SAADET Partisi Genel Başkanı Recai Amca, "beyaz Türkler" tabirinden ilham alarak, bir "beyaz imam hatipli" kavramsallaştırması geliştirmiş.
Buna göre...
Beyaz imam hatipliler, "ekonomik olarak iyi düzeyde" olanlarmış.
Kara imam hatipliler ise "yoksullar" sınıfına işaret ediyormuş. Tabii işin içine politik görüş de giriyor:
Eğer AKP’de politika yapmayı tercih eden bir imam hatipli isen "beyaz", yok Milli Görüş’te ısrar ve inat eden bir imam hatipli isen "kara"sın.

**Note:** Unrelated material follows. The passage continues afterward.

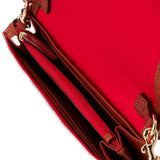 Dooney & Bourke Daphne Crossbody Handbag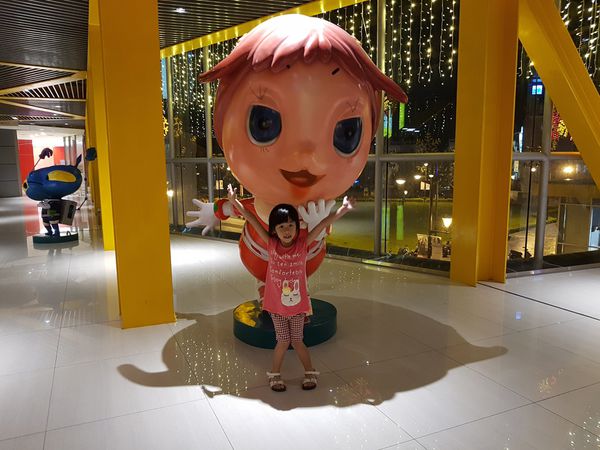 【苗栗/頭份】尚順育樂世界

Yani demek istiyor ki Recai Amca...
İmam hatipliler ikiye ayrılır:
AKP’ye kaçmış beyaz imam hatipliler, Saadet’te kalmış kara imam hatipliler.
Hadi Marksist terminolojiden ödünç alarak yazalım:
Ezen imam hatipliler / Ezilen imam hatipliler...
* * *
Şu "Beyaz / Siyah" metaforundan nefret eden biri olarak.
Çok saygıdeğer Recai Amca’ya sormak isterim:
Muhterem Recai Bey Amca!
Beyaz spor Mercedes’iyle hepimize tur bindiren...
Kanlıca sırtlarında görkemli bir yalıda, hizmetçiler eşliğinde yaşamını sürdüren...
Şık ve güzel teknesiyle bazen Ege’ye doğru açılan...
Genç yaşta olmasına karşın paraya para demeyen...
Üstelik bu zamana kadar maaşla hiçbir işte çalışmamış...
Erbakan Hocamızın sevgili mahdumu, imam hatip lisesi mezunu Fatih Erbakan kardeşimiz, "beyaz imam hatipli" midir, yoksa "kara imam hatipli" midir?
Lütfedip bu konuya bir açıklık getirmeniz mümkün müdür acaba?
Oylarını kime verirler
SEZEN AKSU: "Mehmetçik Türküsü" nedeniyle doğal adresi MHP gibi gözüküyor ama kabul edelim ki bu seçenek imaj açısından pek şık kaçmaz. Peki ya AKP? Doğal kitle ürker, bu yüzden olmaz, olamaz. CHP? Olabilir ama fazlasıyla klişe ve sürprizsiz olur. Ağar’ın partisi? Ne yani koca Sezen, kırsal partisine mi kaldı? Tabii ki olmaz! Peki ya Baskın Hoca ya da Ufuk Uras? Yani sol bağımsızlar? Hah, işte bunlar olabilir. Hem bir aykırılık yapılmış olur, hem de "Mehmetçik Türküsü" dengelenir. Hadi bakalım kolay gelsin.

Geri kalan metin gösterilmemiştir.